Cumming testified that of the $641 million granted to Baltimore under the American Rescue Plan Act (ARPA), just $15 million went to DPW at a time when the agency needed to address long-standing infrastructure problems — such as broken HVAC systems — at its sanitation yards.
“They truly were the forgotten department. They had to endure it because they had no choice,” Cumming said.
Cumming said the neglect led to 1,627 reported injuries at DPW from 2019 to 2024 — an average of nearly one injury daily — and six deaths, including two in 2024 alone. She said much of the distress could have been avoided with better training procedures.
“I went to some of the training, and it was really hard. I didn’t understand some of the things they were saying,” Cumming said. “So I think it’s very important that you keep things at a level that everybody can understand.”
Thiru Vignarajah, an attorney for the family of DPW employee Ronald Silver II, has said Cumming’s report proved employees received “literally no training” in the two years leading up to Silver’s death on the job last August.
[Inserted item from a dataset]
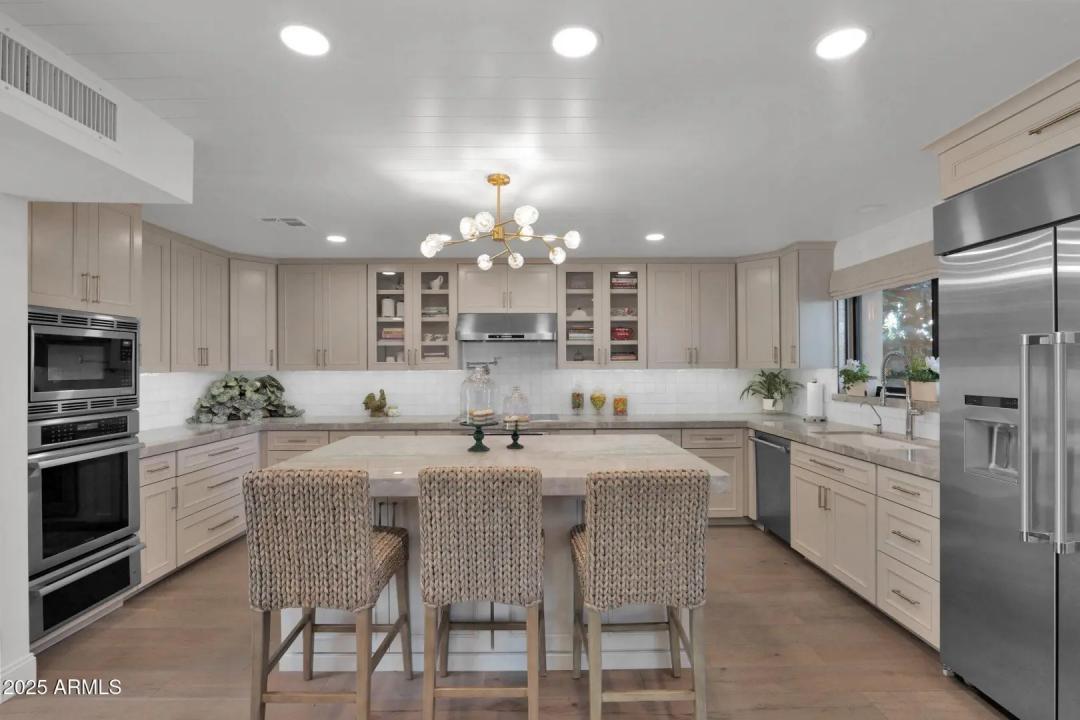 Real Estate Picture 6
Asked by Councilman Ryan Dorsey about criticism of the city’s union for sanitation workers in her report, Cumming explained that any negative feelings she may have toward the union come from what she learned by interviewing more than 130 DPW employees. The union’s attorney sent multiple letters to Cumming’s office arguing she lacked jurisdiction to investigate the extent of their bargaining efforts, the inspector general said.
While no legislation was introduced Thursday and city leaders say much more needs to be done, some are crediting DPW Director Khalil Zaied — who assumed leadership of the agency last fall — with moving things in the right direction.
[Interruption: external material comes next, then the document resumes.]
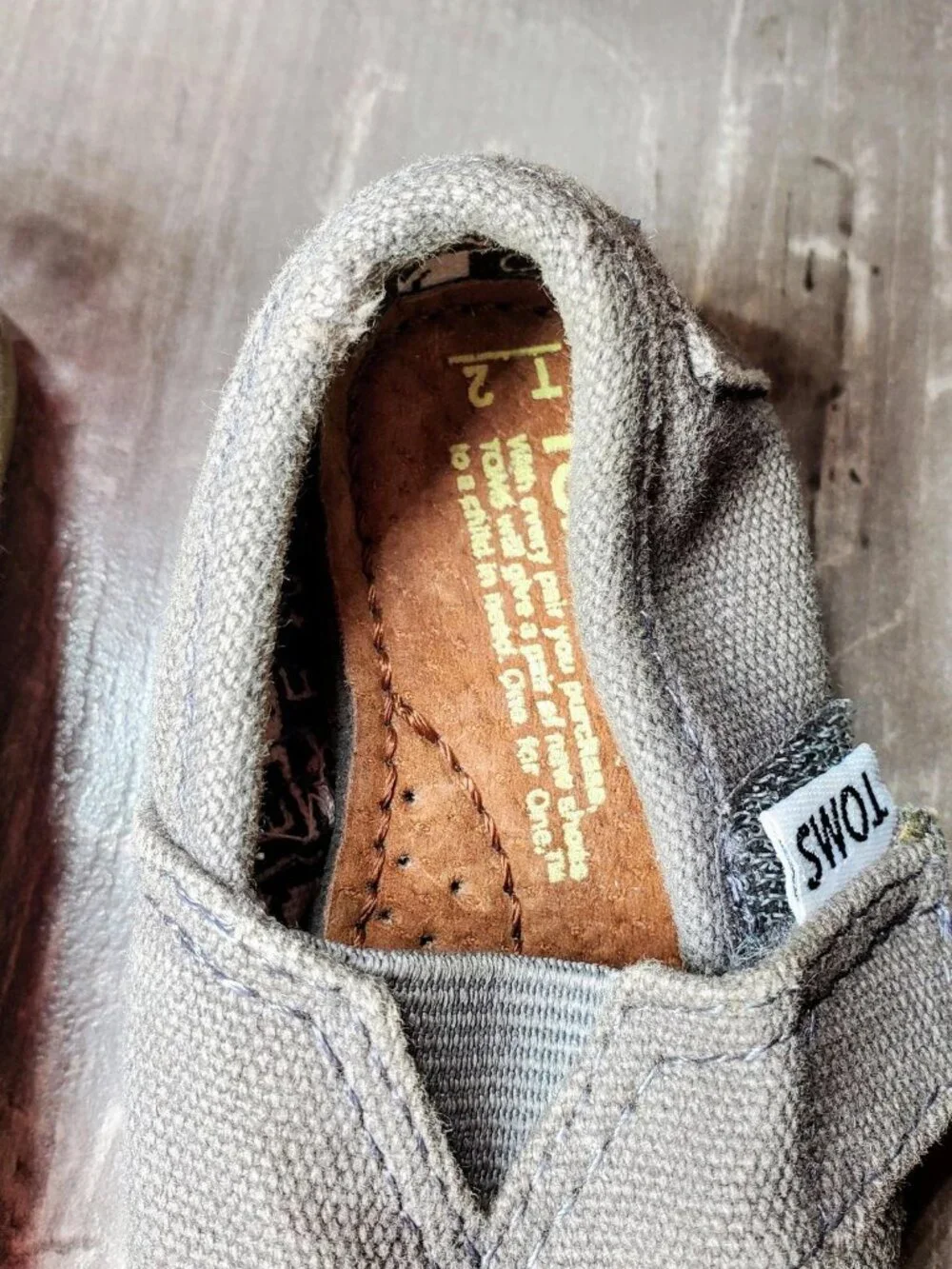TOMS Size 2 Canvas Baby Shoes Ash Gray Beige NWOT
“Director Zaied inherited an agency in crisis, and he is working hard to fix it,” City Council President Zeke Cohen said.
Zaied responded to concerns by noting that DPW has been working with Baltimore Mayor Brandon Scott and the city’s Department of Human Resources to enact salary increases for sanitation workers. Hourly wages currently start at $15.50, while some temporary DPW employees are paid just $11 per hour without benefits, Dorsey and Cohen said at the hearing, respectively.